Return True if all checked characters match, indicating a palindrome.

Code Solution

class Solution:
    def isPalindrome(self, s: str) -> bool:
        n = len(s)
        L = 0
        R = n - 1

        while L < R:
            if not s[L].isalnum():
                L += 1
                continue

            if not s[R].isalnum():
                R -= 1
                continue

            if s[L].lower() != s[R].lower():
                return False

            L += 1
            R -= 1

        return True

# Time Complexity: O(n)
# Space Complexity: O(1)

#include <cctype>
#include <string>
using namespace std;

class Solution {
public:
    bool isPalindrome(string s) {
        int L = 0, R = s.size() - 1;

        while (L < R) {
            while (L < R && !isalnum(s[L])) {
                L++;
            }
            while (L < R && !isalnum(s[R])) {
                R--;
            }
            if (L < R && tolower(s[L]) != tolower(s[R])) {
                return false;
            }
            L++;
            R--;
        }
        return true;
    }
};

public class Solution {
    public boolean isPalindrome(String s) {
        int L = 0, R = s.length() - 1;

        while (L < R) {
            while (L < R && !Character.isLetterOrDigit(s.charAt(L))) {
                L++;
            }
            while (L < R && !Character.isLetterOrDigit(s.charAt(R))) {
                R--;
            }
            if (L < R && Character.toLowerCase(s.charAt(L)) != Character.toLowerCase(s.charAt(R))) {
                return false;
            }
            L++;
            R--;
        }
        return true;
    }
}

var isPalindrome = function(s) {
    let L = 0, R = s.length - 1;

    while (L < R) {
        while (L < R && !/[a-zA-Z0-9]/.test(s[L])) {
            L++;
        }
        while (L < R && !/[a-zA-Z0-9]/.test(s[R])) {
            R--;
        }
        if (L < R && s[L].toLowerCase() !== s[R].toLowerCase()) {
            return false;
        }
        L++;
        R--;
    }
    return true;
};

Detailed Explanation

Understanding the Problem

The "Valid Palindrome" problem asks us to determine whether a given string is a palindrome. A palindrome is a sequence that reads the same backward as forward. However, this variant of the problem ignores all non-alphanumeric characters and is case-insensitive. For example, "A man, a plan, a canal: Panama" is considered a valid palindrome.

Two-Pointer Technique

To solve this efficiently without using additional space to store a cleaned version of the string, we apply the two-pointer approach. We use two indices, one starting from the beginning of the string (L) and the other from the end (R), moving inward.
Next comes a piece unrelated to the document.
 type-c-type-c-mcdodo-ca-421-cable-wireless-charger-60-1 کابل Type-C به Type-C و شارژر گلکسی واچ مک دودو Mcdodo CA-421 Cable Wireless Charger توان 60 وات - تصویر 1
At each step, we skip any character that is not alphanumeric by advancing the pointers. If both characters are alphanumeric, we compare their lowercase versions. If at any point the characters differ, the string is not a palindrome, and we return false.

Step-by-Step Strategy

Initialize L = 0 and R = s.length - 1.
While L < R:
- If s[L] is not alphanumeric, increment L.
- If s[R] is not alphanumeric, decrement R.
- Compare lowercase(s[L]) and lowercase(s[R]). If they differ, return false.
- If they match, increment L and decrement R.
If the loop completes without mismatches, return true.

Why This Works

This method is efficient because it avoids the overhead of creating a new filtered string. By using the two-pointer approach, we ensure that we check character pairs directly within the original string. Lowercasing both characters standardizes comparison and skipping non-alphanumeric characters ensures compliance with the problem’s constraints.

Time and Space Complexity

The solution runs in O(n) time, where n is the length of the input string, since each character is visited at most once. The space complexity is O(1), as we only use a constant number of pointers and comparisons, making this approach optimal for large strings.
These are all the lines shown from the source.